Les mascottes des Jeux de Tokyo seront bleu foncé pour les Jeux Olympiques et fleur de cerisier pour les Jeux Paralympiques
Les mascottes – bleu foncé pour les JO, fleur de cerisier pour les Jeux Paralympiques – allient valeurs traditionnelles et design futuriste. Ils incarnent parfaitement le concept “L’innovation à partir de l’harmonie”, au cœur de la vision de marque de Tokyo 2020.

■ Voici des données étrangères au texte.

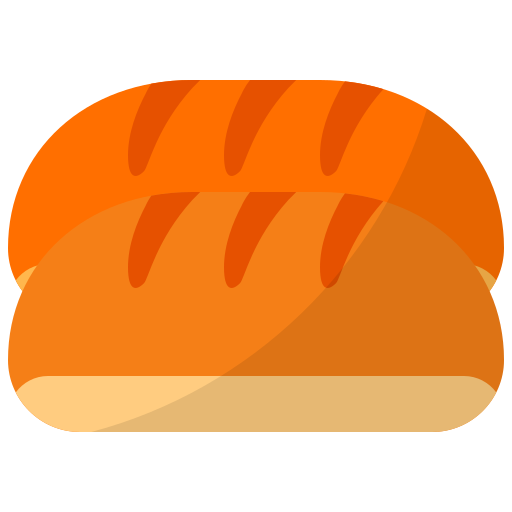 Breads Generic Flat icon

A un an des Jeux, le comité organisateur estime que toutes les infrastructures seront prêtes à temps. Tokyo s’appuyait en effet sur 60% de sites déjà existants. La moitié des dix sites temporaires et huit nouveaux sites permanents sont déjà bouclés. Le Musashino Forest Sport Plaza, qui accueillera les matchs de badminton, est déjà utilisé depuis fin 2017. Le centre de tir à l’arc, le bassin d’aviron et le Kasai Canoe Slalom Centre ont également été inaugurés. Selon les organisateur, le stade olympique sera terminé en novembre, le village olympique en décembre.

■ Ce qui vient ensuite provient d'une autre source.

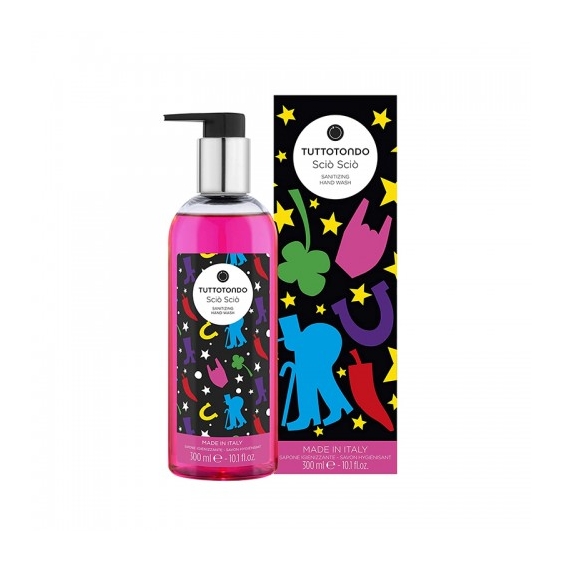 Tuttotondo Sciò Sciò Sapone Liquido Igienizzante 300 Ml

Tokyo 2020 : les Jeux les plus novateurs de l’histoire

Les Jeux Olympiques de 1964 avaient été qualifiés par le gouverneur d’époque, Ryotaro Azuma, “d’opportunité pour construire un nouveau Tokyo et un nouveau Japon”. 20 ans après la Seconde Guerre mondiale, les Jeux représentaient alors un vecteur de progrès social et d’ouverture au monde. Ils avaient été perçus comme un événement décisif pour la transformation des infrastructures et l’intégration du Japon dans le concert des Nations. Malgré un contexte très différent, les attentes sont tout aussi grandes pour l’édition de 2020. Le gouvernement japonais souhaite que les Jeux “changent l’avenir du Japon”, en revitalisant le pays.

Tokyo compte ainsi s’appuyer sur ses héros de pop culture et sur son savoir-faire technologique pour promouvoir son image. « Nous voulons que les Jeux de Tokyo soient les plus innovants de l’histoire et les robots joueront un rôle fondamental à cet égard« , a déclaré Masaaki Komiya, Directeur général adjoint de Tokyo 2020. Les organisateurs ont, en ce sens, annoncé la mise en place d’un “robot project” : les spectateurs en fauteuil roulant pourront par exemple bénéficier d’une assistance robotique et d’écrans mobiles adaptés. Les robots pourront aussi servir d’interprètes aux spectateurs. La diffusion en direct d’émissions en 8k sur des réseaux 5G est également prévue. Enfin, la reconnaissance faciale devrait être mise en place pour sécuriser les sites et pour les accréditations.

Des Jeux propres pour attirer les touristes

Le pays espère, grâce aux Jeux, attirer 40 millions de touristes en 2020, soit 10 millions de plus que le record de 2018. Neuf millions de billets seront mis à disposition des spectateurs pour assister aux compétitions. 20 à 30% de ce total sont réservés aux spectateurs et sponsors internationaux. 3,22 millions de billets ont d’ores et déjà été vendus pendant la première phase de vente sur le marché intérieur. Les “Jeux olympiques de la reconstruction” ont aussi pour but de vanter les progrès de l’Empire du soleil levant en matière d’écologie.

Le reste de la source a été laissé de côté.